Air volume has become one of the fundamental setup factors to get the best outcome from an air-sprung fork or shock. The internal fork/shock's volume is adjusted by adding or removing volume spacers from the air spring chamber. More volume spacers inside an air spring results in a more progressive feel - ie, the suspension starts to feel firmer sooner in its travel. Less volume spacers inside an air spring results in a more linear feel - ie, the suspension feel remains consistent through the majority of the travel. The issue with a linear feel is that the suspension doesn't support the rider for the bigger hits as well as a progressive feel does. Hence by adding volume spacers as a way of tuning, users can achieve a happy medium of a linear initial travel, followed by a progressive 'ramp-up' towards the end of the travel, depending on how many volume spacers are installed. Adjustment of volume also allows us to use lower air spring pressure in order to achieve the best possible degree of sensitivity, without getting harsh bottom outs on the bigger hits. Adding volume is an important factor since it effectively results in an increase in sensitivity, which means an increase in traction. More traction - more fun.
4) Compression (Low speed compression - LSC )
Low speed compression is getting into the world of fine-tuning. Many suspension systems do not have the ability to adjust low-speed compression (LSC), but for those that do, adjusting LSC can allow us to refine the characteristics of the spring, rebound and volume settings. LSC adjustment will allow you to dial in or dial out how much pedalling induced movement is transferred into the suspension, and also how much sensitivity the suspension provides on general trail undulations. It's used as an adjustment to refine the air spring pressure. For example, there's no point using all or more of a suspension's range of LSC adjustment if the spring rate is too soft. In that case, most suspension systems would provide a better performance outcome with a slightly higher spring rate (ie, more air, or a heavier coil spring), and less LSC damping. Additional LSC damping can also help hold a fork up higher, especially during hard or aggressive front-braking.
5) Compression (High speed compression - HSC )
High speed compression is generally only found on the higher end suspension items, like Fox's GRIP2 damper or the Rockshox Charger RC2 series for example.
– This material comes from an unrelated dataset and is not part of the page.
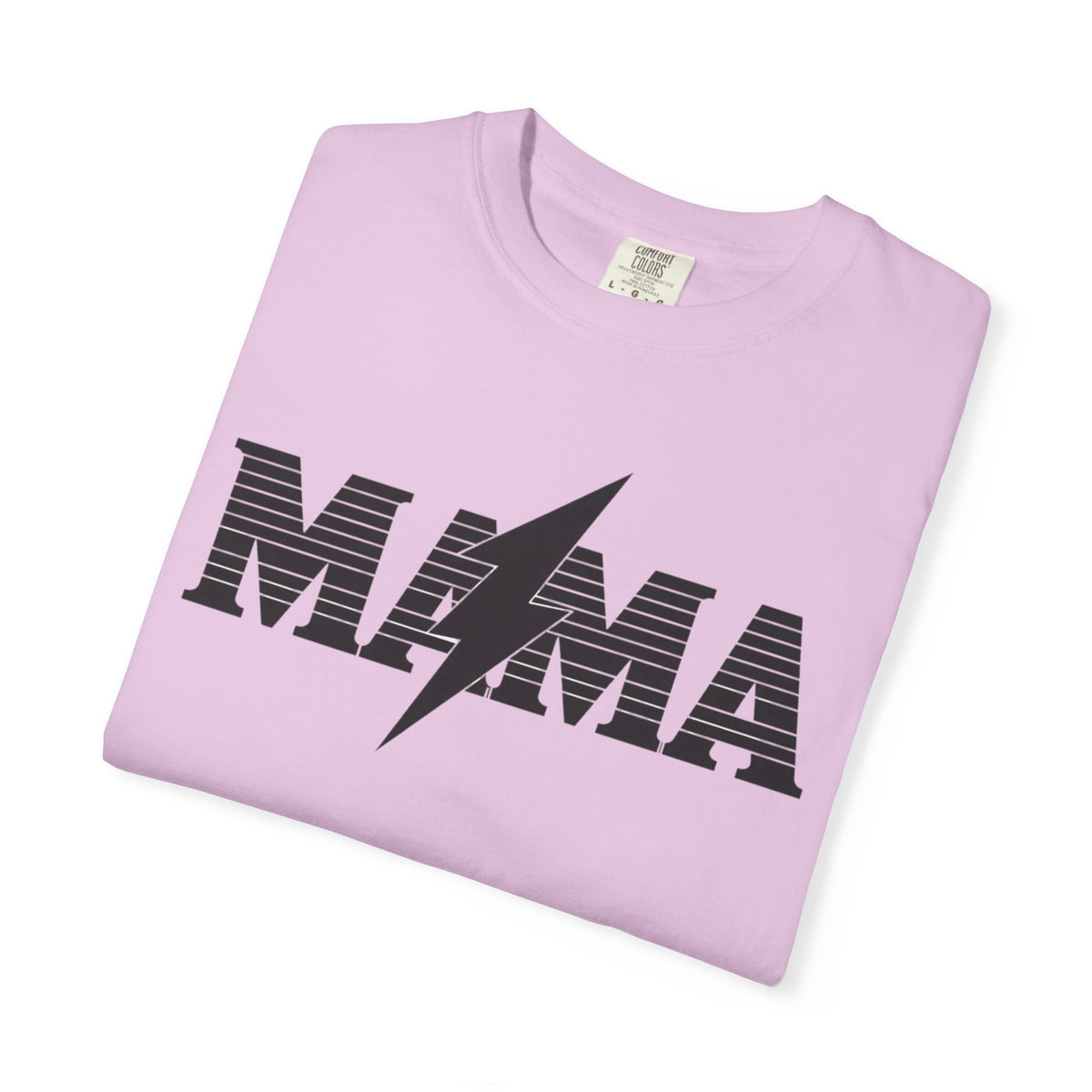Unisex Garment-Dyed T-shirt, Mama Lightning Bolt Shirt, Minimalist Mama Tee, Trendy Mom Shirt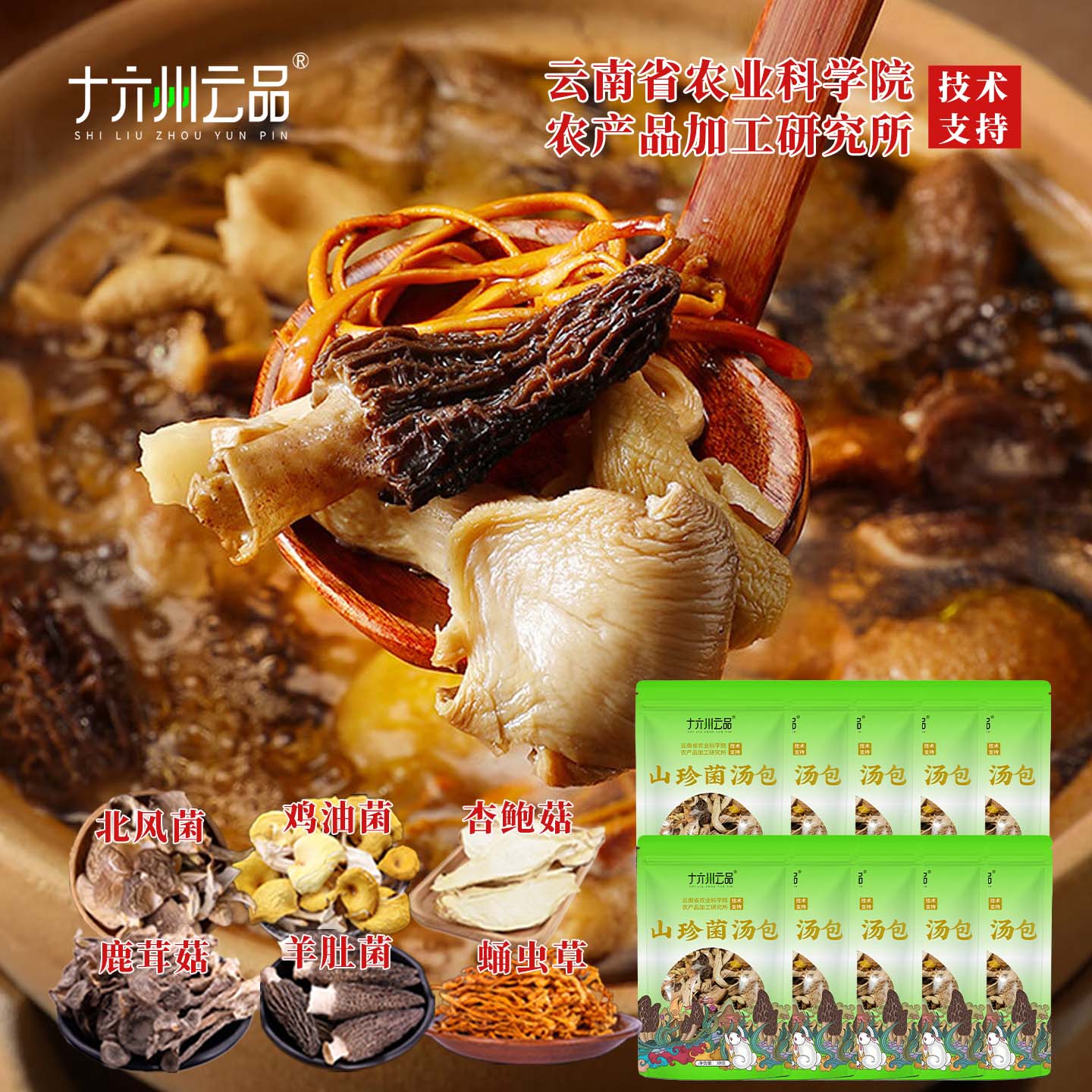 【肖恩Shine专享】十六州云品菌汤包真材实料羊肚菌煲汤煮菜食材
High speed compression controls the rate of compression that is applied through the suspension damper during a heavy hard hit, or a square edge type of impact. Having the ability to adjust HSC is a refinement that allows for a more supported feeling during those harder hits. Whilst more aggressive riders, downhill and enduro racers will see a degree of benefit to having the ability to refine HSC, in very general terms, the average rider amongst us can certainly live without it.
6) Rebound (High speed rebound - HSR).
High speed rebound is generally only found on the higher end suspension items, like Fox's GRIP2 damper, and X2 shocks for example. High speed rebound controls the rate of rebound that is applied through the suspension damper after a heavy hard hit, or a square edge type of impact. Having the ability to adjust HSR is a refinement that allows for a more supported feeling following those harder hits and without getting bucked upon hard landings. Whilst more aggressive riders, downhill and enduro racers will see a degree of benefit to having the ability to refine HSR, in very general terms and to repeat the above, the average rider amongst us can certainly live without it.